Ekstraksi Fase Padat Menggunakan Chelating Disk Untuk Pemekatan Logam Pb(II) dan Zn(II) dan Pengukurannya dengan Inductively Coupled Plasma-Atomic Emission Spectrometer Eka Teni Purnama Sari, Akhmad Sabarudin, Ulfa Andayani (17 Desember 2010) Abstrak Pb(II) dan Zn(II) merupakan polutan lingkungan yang berbahaya yang memberikan efek keracunan pada kehidupan organisme dalam ekosistem perairan. Pb(II) dan Zn(II) di dalam perairan termasuk dalam trace element dengan konsentrasi rendah dan membutuhkan pemekatan. Pada penelitian ini, pemekatan dilakukan secara ekstraksi fasa padat menggunakan fasa diam chelating disk yang memiliki gugus iminodiacetat. Asam nitrat (HNO3) digunakan sebagai eluen untuk melepas logam yang terserap pada chelating disk dan pengukuran logam tersebut dengan ICP-AES. Parameter-parameter yang diamati dalam penelitian ini adalah optimasi pH, optimasi konsentrasi HNO3 serta pengaruh matriks alkali dan alkali tanah dan pemekatan logam Pb(II) dan Zn(II).
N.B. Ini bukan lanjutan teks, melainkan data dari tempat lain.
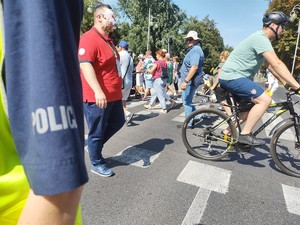 Rękaw policyjnej koszuli na tle pielgrzymów przechodzących przeze jzdnię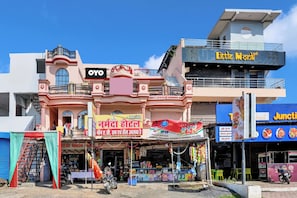 A multi-story building with various shops on the ground floor, including a visible sign for a hotel named 'OYO'. - HOTEL O MAA NARMADA (Jabalpur)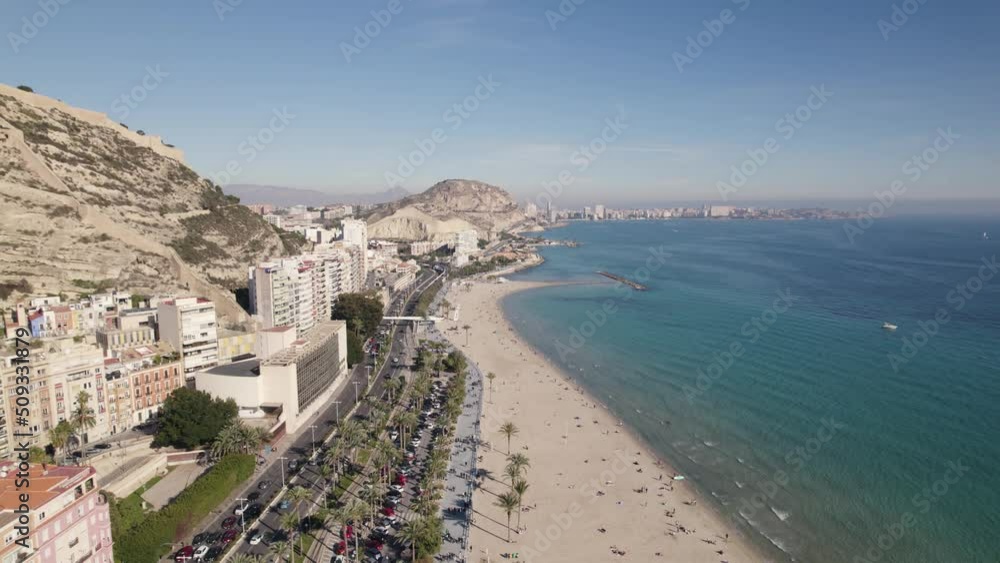Aerial backwards view over a beautiful beach in Alicante, Spain. Real time Aerial backwards view over a beautiful beach in Alicante, Spain. Real time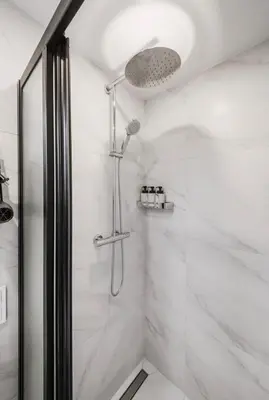 a shower in a bathroom with white marble at Green Apartment in Vilnius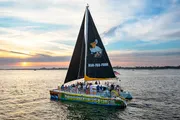 The image shows a colorful catamaran with a group of people on board, sailing on calm waters during a beautiful sunset.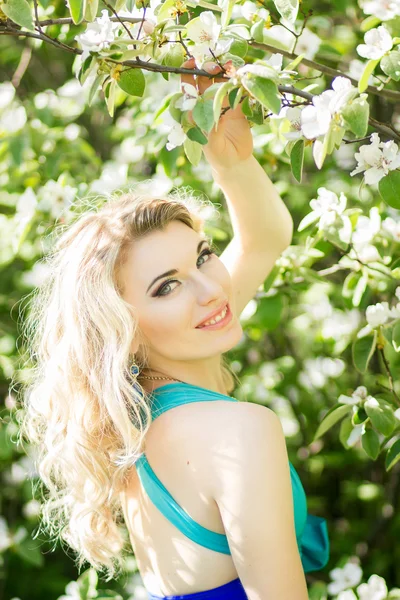 doğada yüksek bir yarık ile mavi uzun elbise uzun saçlı güzel bir genç sarışın kadın portresi.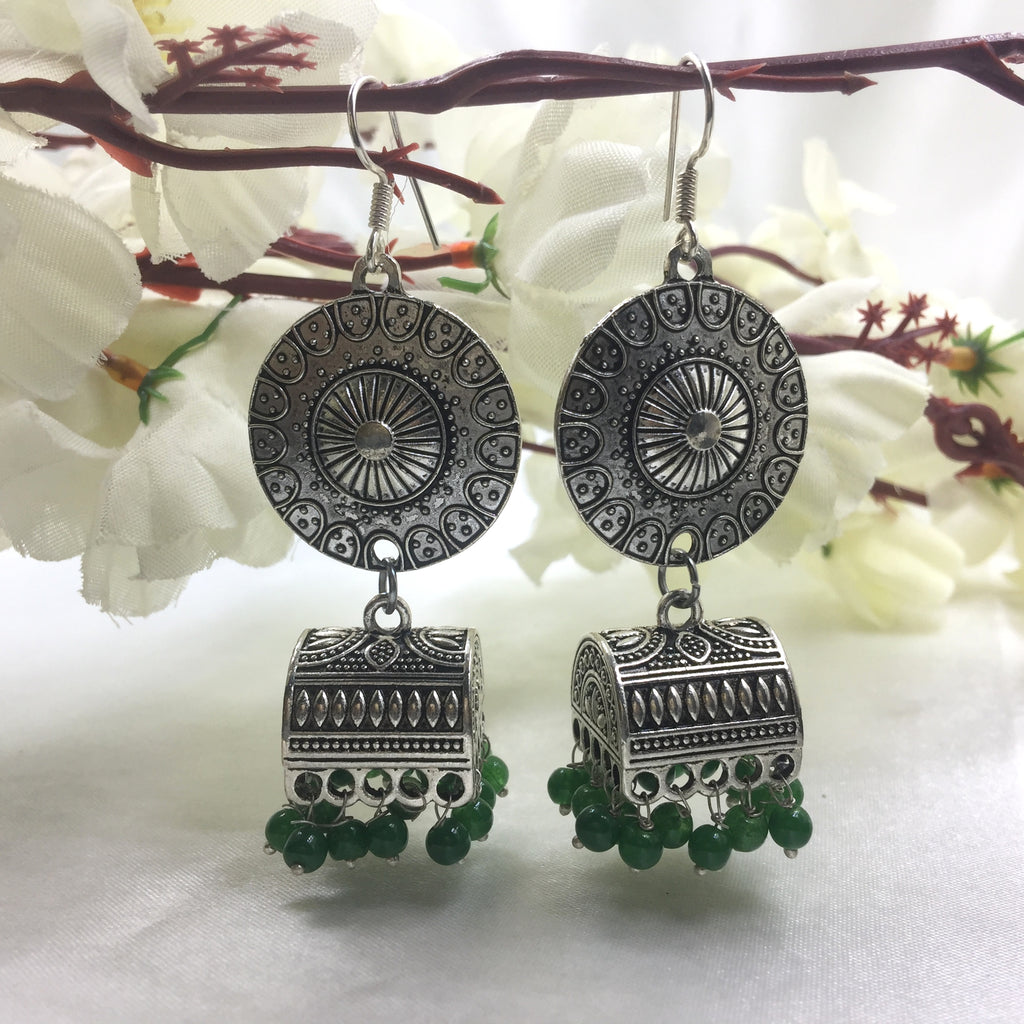 Asian Arts   Rajasthani silver earrings with turquoise  by Asian Arts  This earring possesses a beautiful turquoise stone on each side The stone  has a rough natural look on it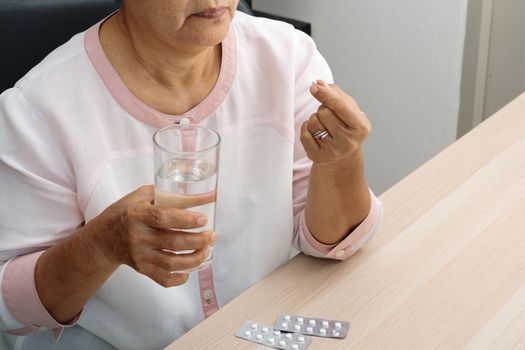 headache old women hand hold medicine with a glass of water, feeling stress, migraine, health problem concept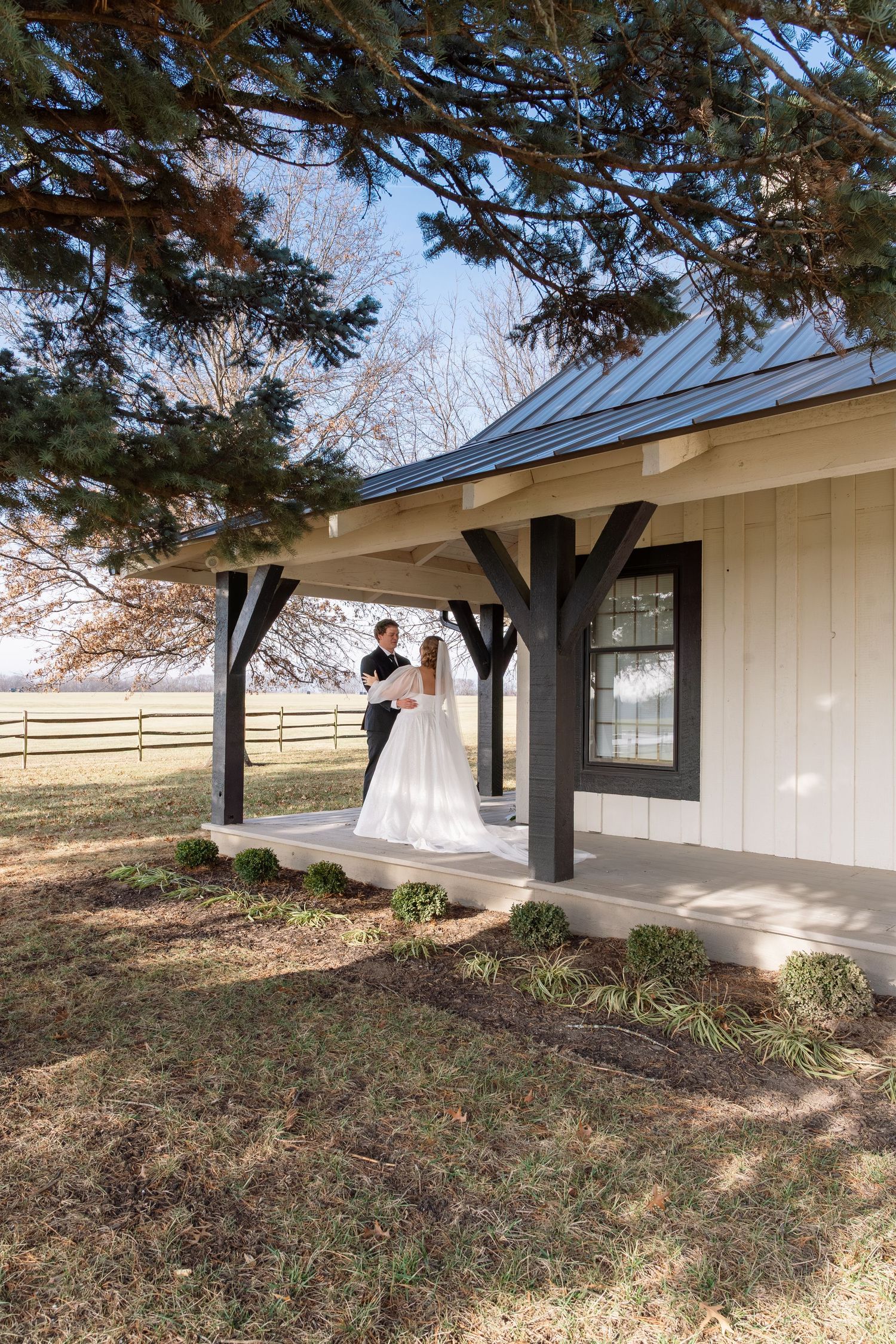 Bride and groom share tender moment on farmhouse porch under pine tree.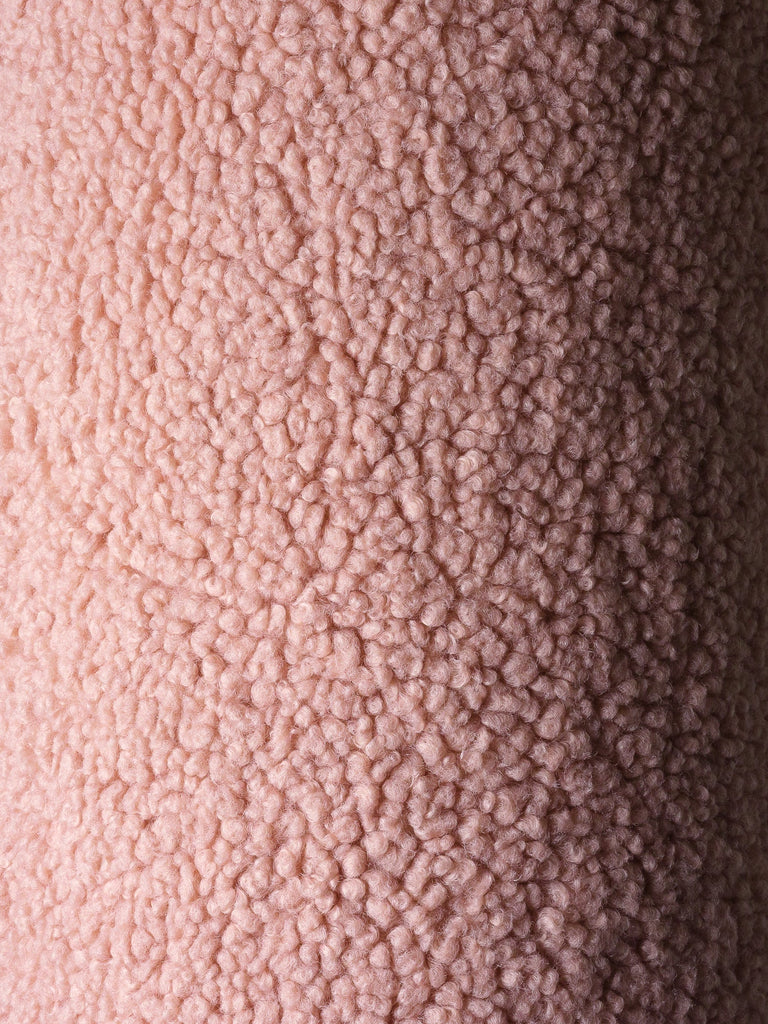 Close-up van de OEKO-TEX® gecertificeerde teddystof in guava pink kleur. Laat de zachte, pluizige structuur zien van het roze Wigiwama sierkussen in balvorm.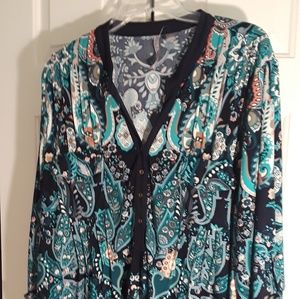 Long sleeve blue, peach and black blouse.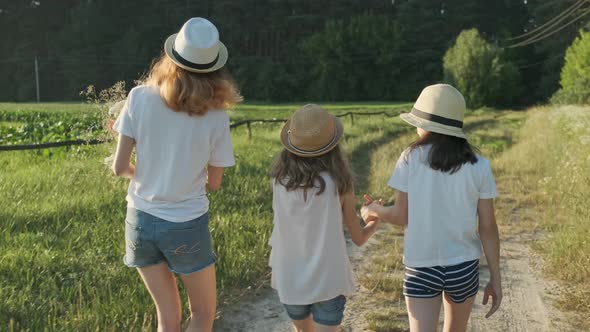 Children Walking Back Along Country Road Turn Their Faces To Look Surprised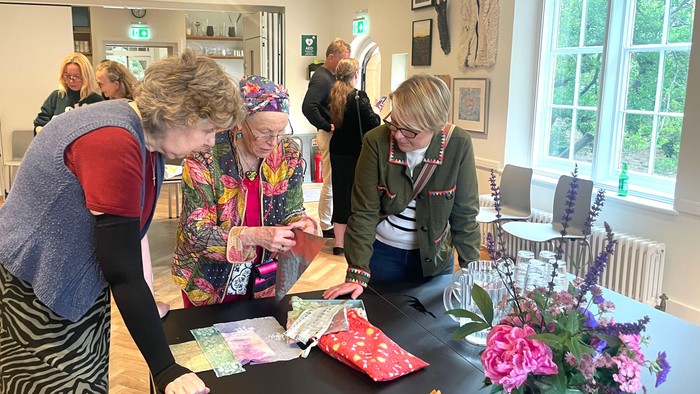 Gruppe af mennesker, der laver farverige dekorationer til et fællesskabsarrangement med blomsterarrangementer i baggrunden.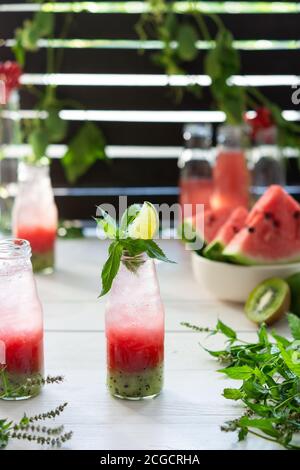 Kalt erfrischender Wassermelonensaft, Wassermelone mit Kiwi und Eis in Flaschen, Obst-Smoothie auf Holzhintergrund Stockfoto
Diperoleh hasil, bahwa Pb(II) dan Zn(II) dapat teradsorpsi secara optimum pada pH 5,5 dan pH 5. Sedangkan konsentrasi HNO3 optimun adalah 2 M. Pemekatan dengan chelating disk ini mampu memisahkan Pb(II) dan Zn(II) dari logam alkali dan alkali tanah dimana % recovery untuk alkali sangat kecil dibanding dengan % recovery Pb(II) dan Zn(II) yaitu untuk K adalah 15,85%; Ca 3,37%; Mg 8,11%; dan Na 27,2%. Oleh karena itu, metode ini sangat baik digunakan untuk pemekatan konsentrasi Pb(II) dan Zn(II) yang sangat rendah. Kata kunci : Pb(II), Zn(II), chelating disk, pemekatan, ICP-AES.